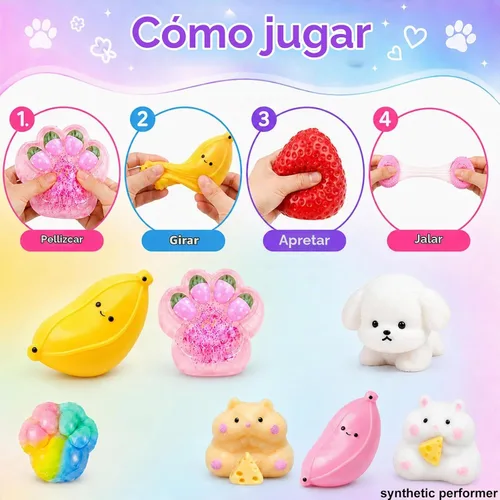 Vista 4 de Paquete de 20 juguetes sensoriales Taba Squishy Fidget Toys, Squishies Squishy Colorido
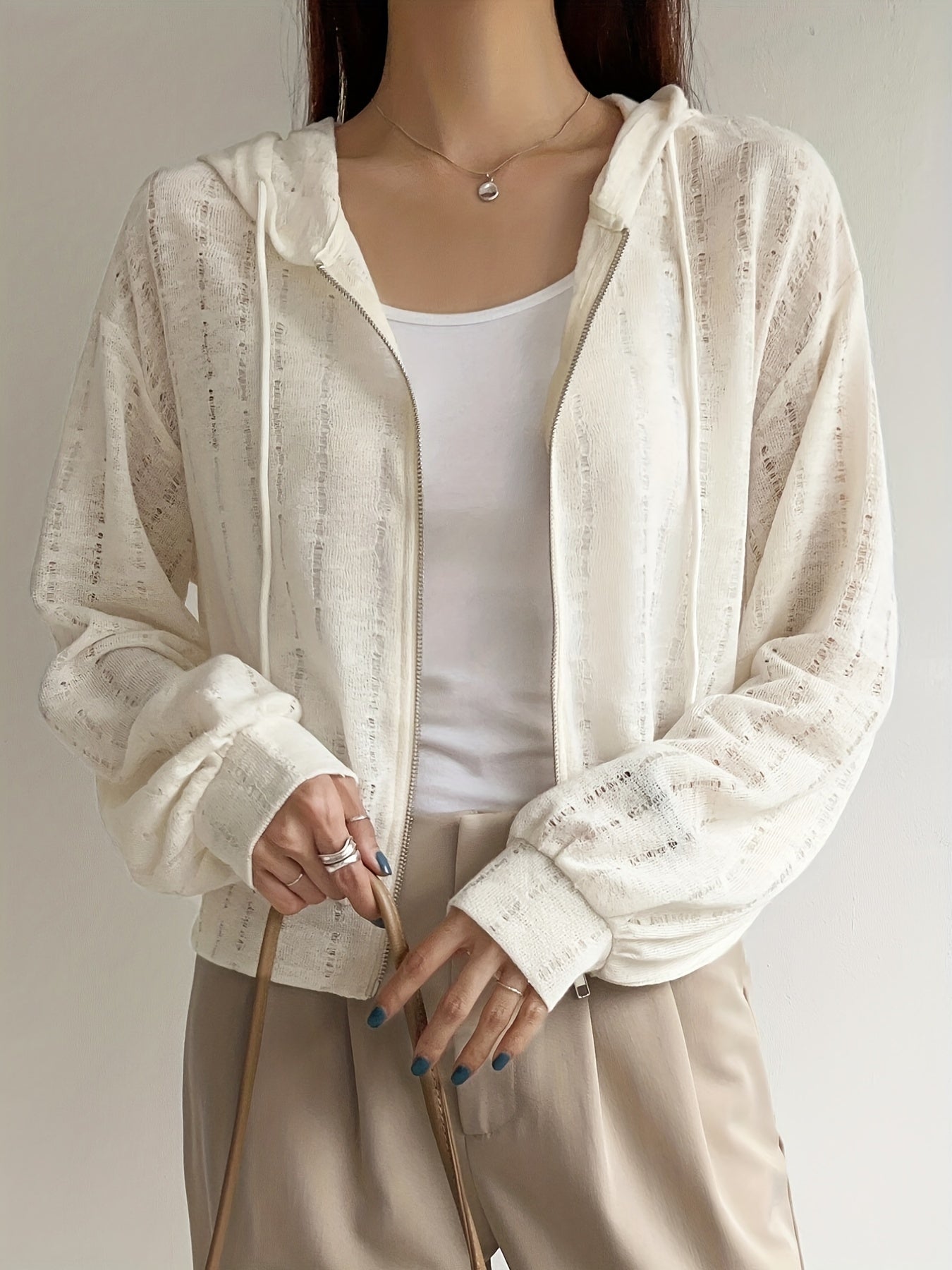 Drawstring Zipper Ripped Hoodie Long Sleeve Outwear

--

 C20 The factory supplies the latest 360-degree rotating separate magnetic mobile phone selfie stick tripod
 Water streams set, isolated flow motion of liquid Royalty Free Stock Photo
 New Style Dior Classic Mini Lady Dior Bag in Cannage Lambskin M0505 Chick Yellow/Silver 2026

- TASK GOAL
Would you quote everything above from the line containing "C20 The factory" down to the line containing "New Style Dior"? Include both of those lines and nothing else.

- OUTPUT FOR THIS EXERCISE
 C20 The factory supplies the latest 360-degree rotating separate magnetic mobile phone selfie stick tripod
 Water streams set, isolated flow motion of liquid Royalty Free Stock Photo
 New Style Dior Classic Mini Lady Dior Bag in Cannage Lambskin M0505 Chick Yellow/Silver 2026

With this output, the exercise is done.